Я в оппозиции. Решение уйти из комиссариата. Спешный секретный арест. 48 часов без пищи и воды. Следственный комитет. Доносы. Секретность вредна. Народ должен знать правду о деятельности наркомов. Нарком должен быть избавлен от сведения с ним счетов путем доносов и наветов. Поведение Крыленко: он пачкает мое имя до суда на митингах и в газетах.
Во время революции нет установленных норм. Все мы что-то нарушали. Показания свидетелей, что я не пил. Говорят, я спаивал отряд. А я как нарком отказывал в спирте судовым командирам. Честно сделал, что мог и как умел. Мы, матросы, шли умирать в защиту революции, когда в Смольном царили паника и растерянность".
Речь обвиняемого произвела должное впечатление на народный суд, состоявший из нескольких рабочих, солдат и матросов. 17 мая суд Дыбенко оправдал, сочтя, что перед ним поставили такие сложные задачи, как "прорыв к Ревелю и Нарве, к решению которых он, не будучи военным специалистом, совершенно не был подготовлен…". Но когда Александра вернулась в Москву, Павла уже след простыл.
Погуляв вместе с дружками-матросами и знаменитой цыганской певицей Марией Николаевной целую ночь в подмосковном ресторане "Стрельна", он вместе с ними, но уже без цыганки уехал в Орел, к брату, работавшему в местном Совете. Там пьянка продолжилась.
Ленин отчитал Коллонтай с нескрываемой иронией: "Ну-с, голубушка, что это там вытворяет ваш рыцарь? Если уж это вам так необходимо, так влияйте хотя бы как следует. Похоже, не вы влияете на него, а он на вас".
Александра решила вместе с агитационной бригадой ЦК отправиться на пароходе "Самолет" по Верхней и Средней Волге. Дыбенко поручил неотлучно находиться при ней своему другу, матросу Львову. После выступлений восторженная толпа забрасывала Коллонтай букетами сирени.

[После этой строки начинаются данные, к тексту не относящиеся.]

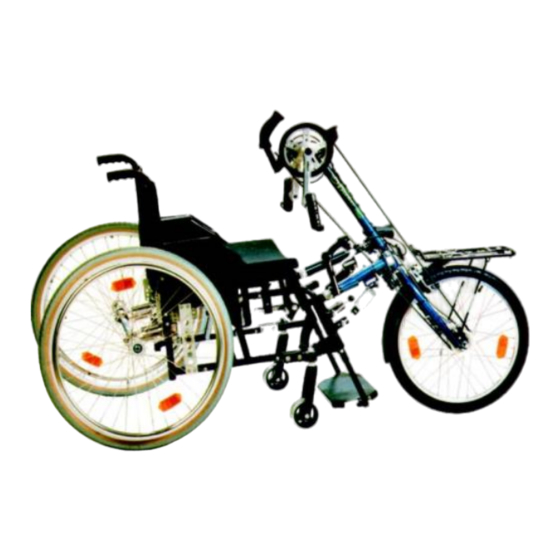 Stricker ElectroDrive Handbuch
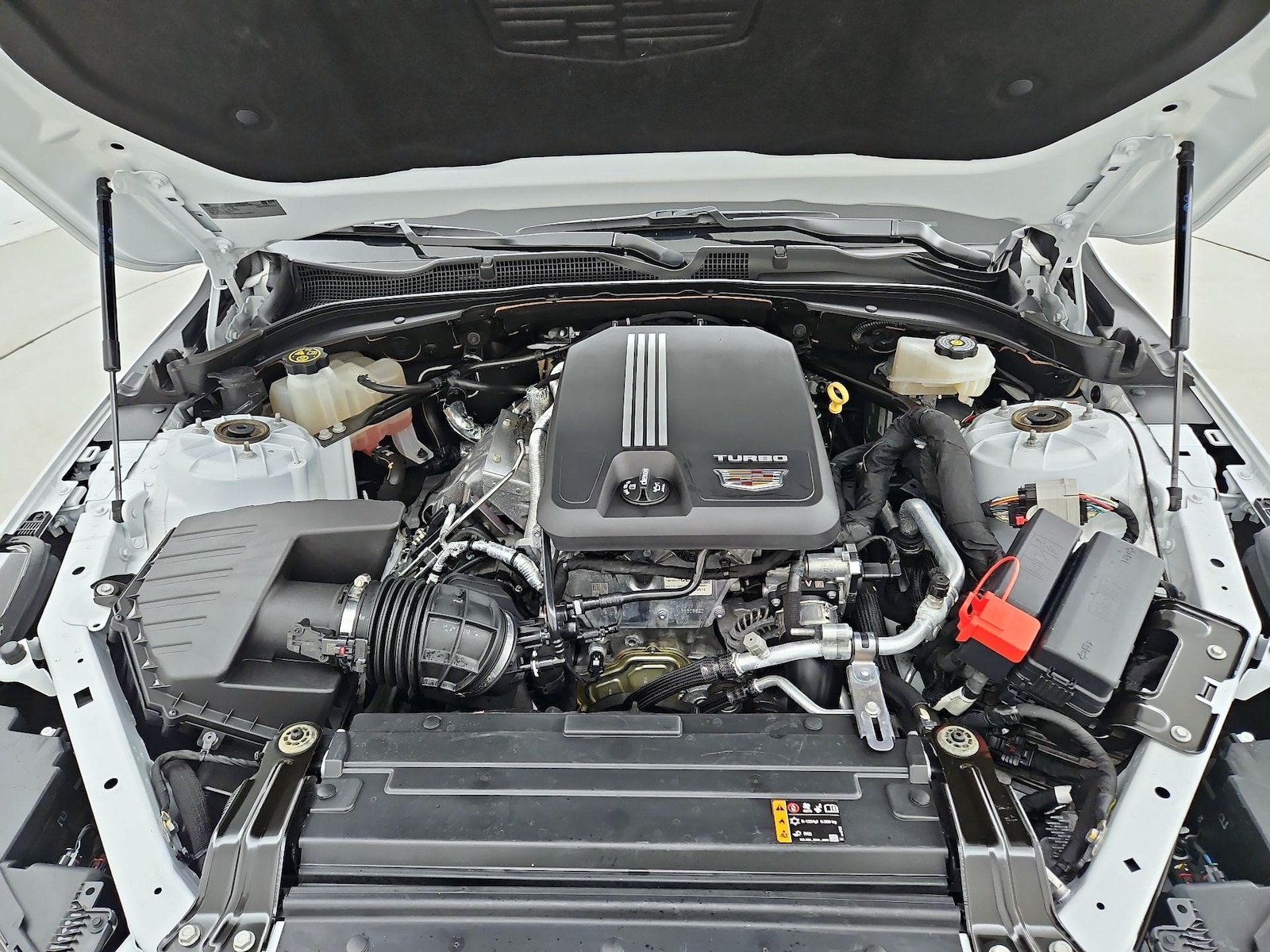 2020 Cadillac CT4 Sport - Photo 23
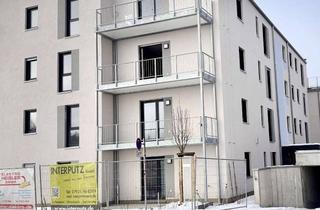 Wohnung mieten in Van-Gogh-Straße, 90455 Worzeldorf, NEUBAU/ERSTBEZUG! 2 Zi.-Whg. EG inkl. Garten, TG, Nolte EBK, TOP Bad!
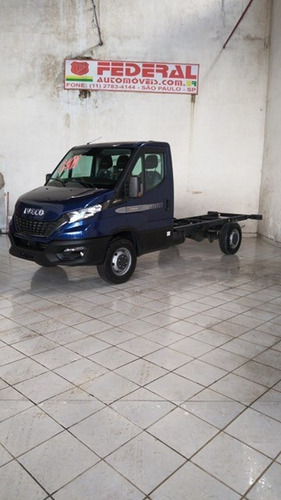 Iveco Daily 35.150 Chassi Completa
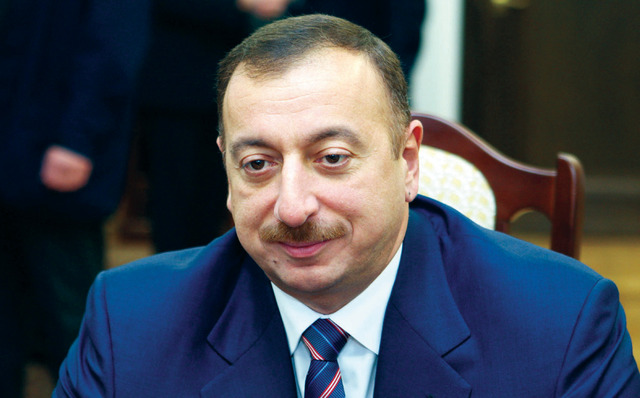 "إلهام علييف"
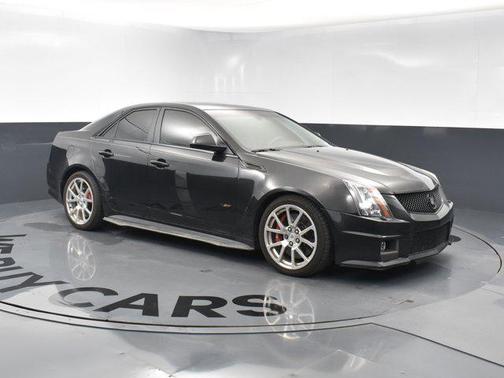 2014 Cadillac CTS-V Base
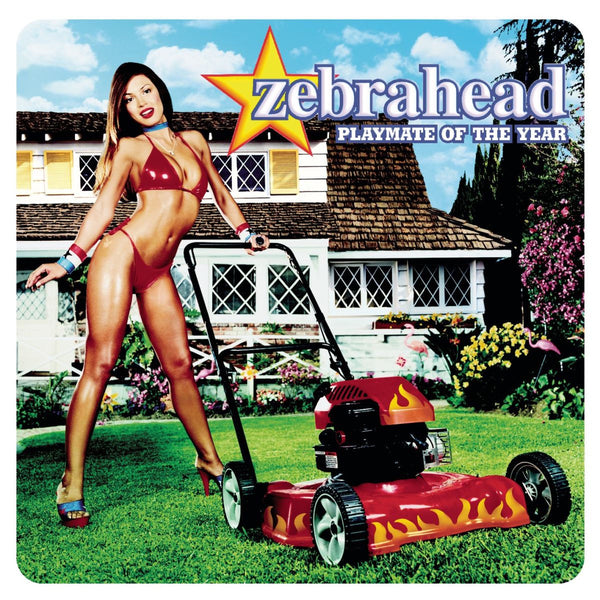 Zebrahead – Playmate Of The Year - CD Japonés Oferta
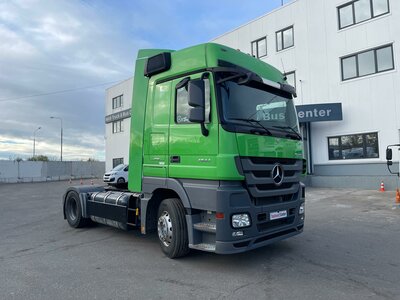 Седельный тягач MB ACTROS 1844 LS Газ/Дизель 2017 г.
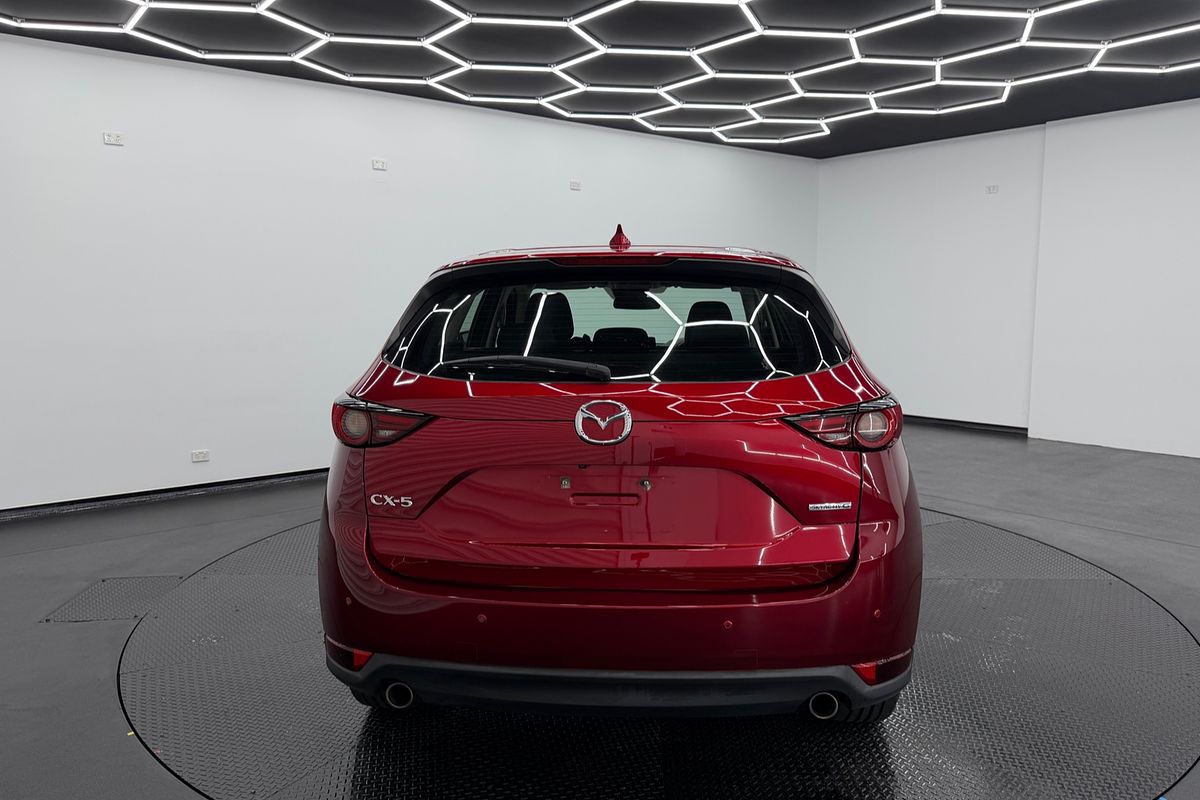 2021 Mazda CX-5 Maxx Sport KF Series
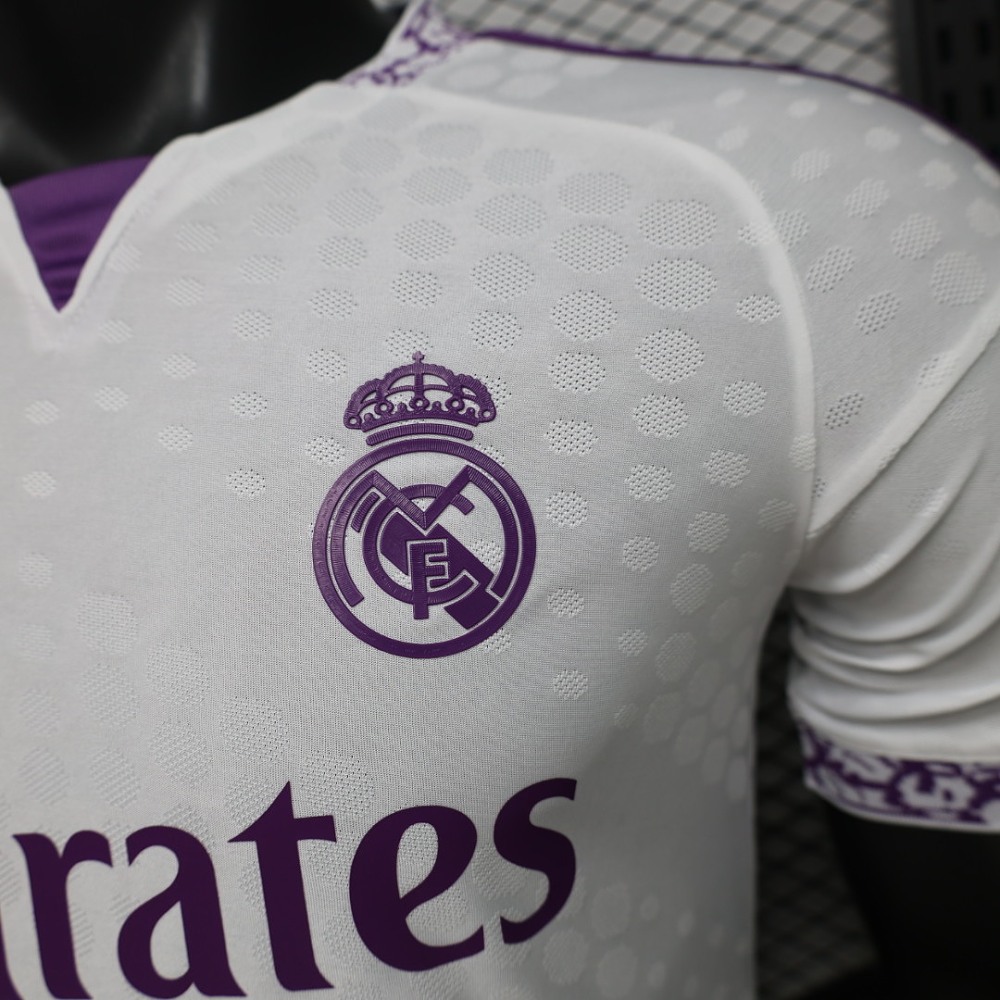 Real Madrid Authentic Football Jersey Special Edition Shirt 2026/27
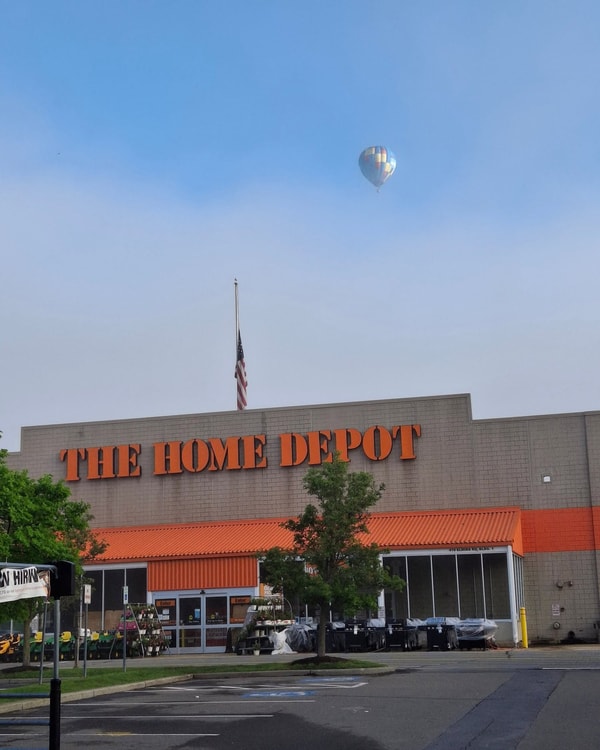 The Home Depot Review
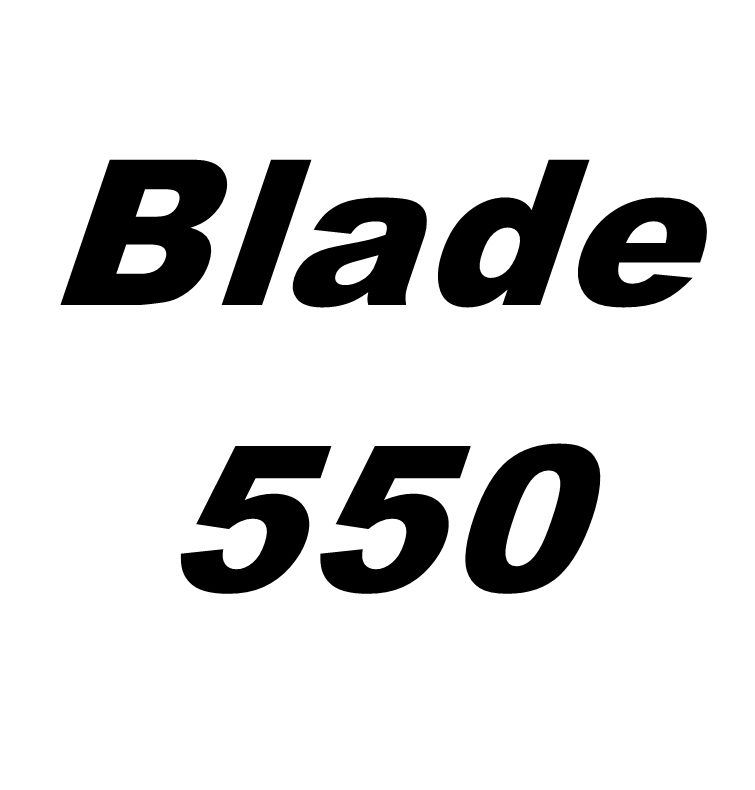 Blade 550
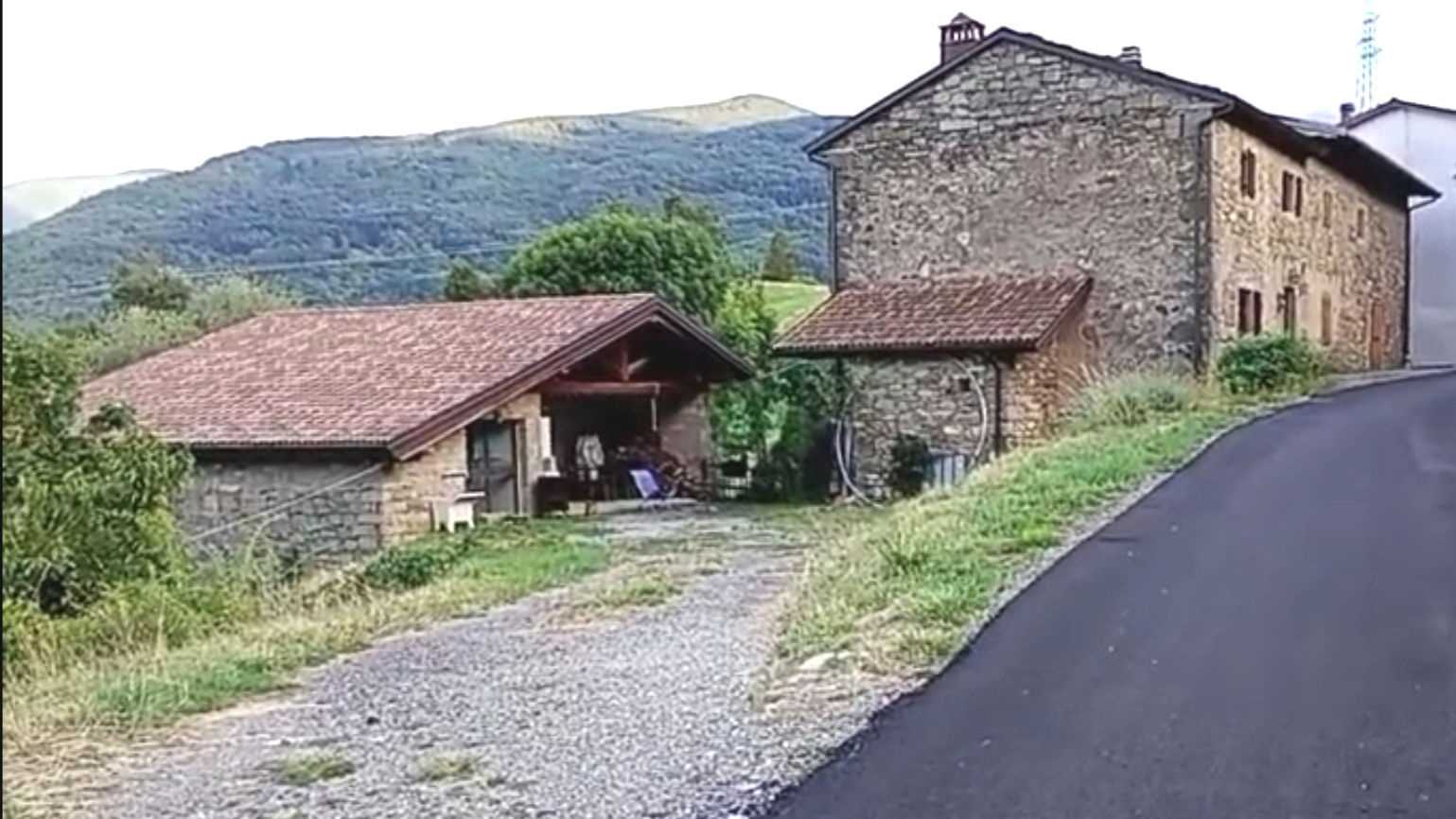 Porzione di casa Via Casa Malgari, Lama Mocogno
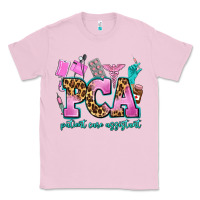 Bubblegum Pink pca patient care assistant Classic Tee - AdoDesignShop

Между Ярославлем и Нижним на пароход поднялась выехавшая подработать и подкормиться из голодной Москвы труппа Художественного театра во главе с Василием Качаловым. Теперь было с кем поговорить об искусстве. Качалов рассказал о впечатлении Станиславского, который слышал речь Коллонтай в Москве. Мэтр был поражен, как точно она управляла своим голосом, умея зажечь аудиторию, не переходя на крик. Станиславский считал, что актерам есть чему поучиться у такого первоклассного оратора, как Коллонтай.
Вернувшись в Москву, Александра получила письмо от Павла вместе с вырезкой из орловской газеты, где был опубликован коллективный протест против расстрела Щастного.
К величайшему удивлению, она нашла среди подписавших протест и свое имя. Дыбенко в письме объяснял, что знает ее как принципиального противника смертной казни и как человека, который "с удовольствием ударит по Троцкому". Вот и поставил ее подпись.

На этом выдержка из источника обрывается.